Les services Google Maps visés ne sont pas ceux destinés au grand public, mais ceux développés pour les entreprises et qui permettent d'intégrer des cartes sur leurs sites internet.

«Les produits cartographiques créés par la société Bottin Cartographies se trouvent être parfaitement similaires à ceux offerts gratuitement par Google via Google Maps Api (soit l'interface de programmation)», a relevé le tribunal dans son jugement.

Il reconnaît ainsi que Bottin Cartographes a «subi une série de préjudices se caractérisant notamment par une perte incontestable de clientèle et de chiffre d'affaires».

Le tribunal ajoute en outre que «la pratique de gratuité a manifestement vocation à optimiser à terme la commercialisation de publicités ciblées».

Réparation des préjudices subis

Mais Google France a indiqué mercredi «demeurer convaincu qu'un outil cartographique gratuit et de haute qualité est bénéfique tant pour les internautes que pour les propriétaires de site web. La concurrence sur ce secteur demeure réelle pour nous, tant en France qu'à l'international», selon la déclaration d'un porte-parole.

Le groupe va devoir verser 500 000 euros à Bottin Cartographes «en réparation des préjudices subis» ainsi que 15 000 euros pour indemnisation des frais de justice.

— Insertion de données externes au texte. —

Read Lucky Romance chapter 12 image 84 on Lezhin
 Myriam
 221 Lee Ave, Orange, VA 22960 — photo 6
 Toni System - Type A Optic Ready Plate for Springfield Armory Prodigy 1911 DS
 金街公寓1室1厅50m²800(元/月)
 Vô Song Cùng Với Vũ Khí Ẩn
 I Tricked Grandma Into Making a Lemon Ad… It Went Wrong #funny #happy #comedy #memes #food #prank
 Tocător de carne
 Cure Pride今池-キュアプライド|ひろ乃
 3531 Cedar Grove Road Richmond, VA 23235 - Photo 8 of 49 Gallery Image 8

Le tribunal a également ordonné la publication du jugement dans les quotidiens Wall Street Journal, International Herald Tribune, Le Monde, Le Figaro, La Tribune et Les Échos.

«Google Maps n'arrête pas son activité en France, mais va désormais devoir vendre le produit qu'elle offrait jusqu'à présent gratuitement aux entreprises qui s'en servaient dans leurs sites commerciaux», a souligné Me Jean-David Scemama.

«Nous avons démontré l'illégalité de la stratégie d'éviction des concurrents mise en place depuis 2007, et le tribunal a reconnu le caractère déloyal et abusif des méthodes utilisées. Cette décision ouvre une voie judiciaire efficace en France pour les PME, autre que la Direction générale de la consommation, de la concurrence et de la répression des fraudes (DGCCRF)», a-t-il souligné.

L'avocat de Bottin Cartographes affirme que Google «a essayé de préserver le service jusqu'au bout, à tel point qu'ils ont essayé juste avant l'audience de changer leurs méthodes de vente».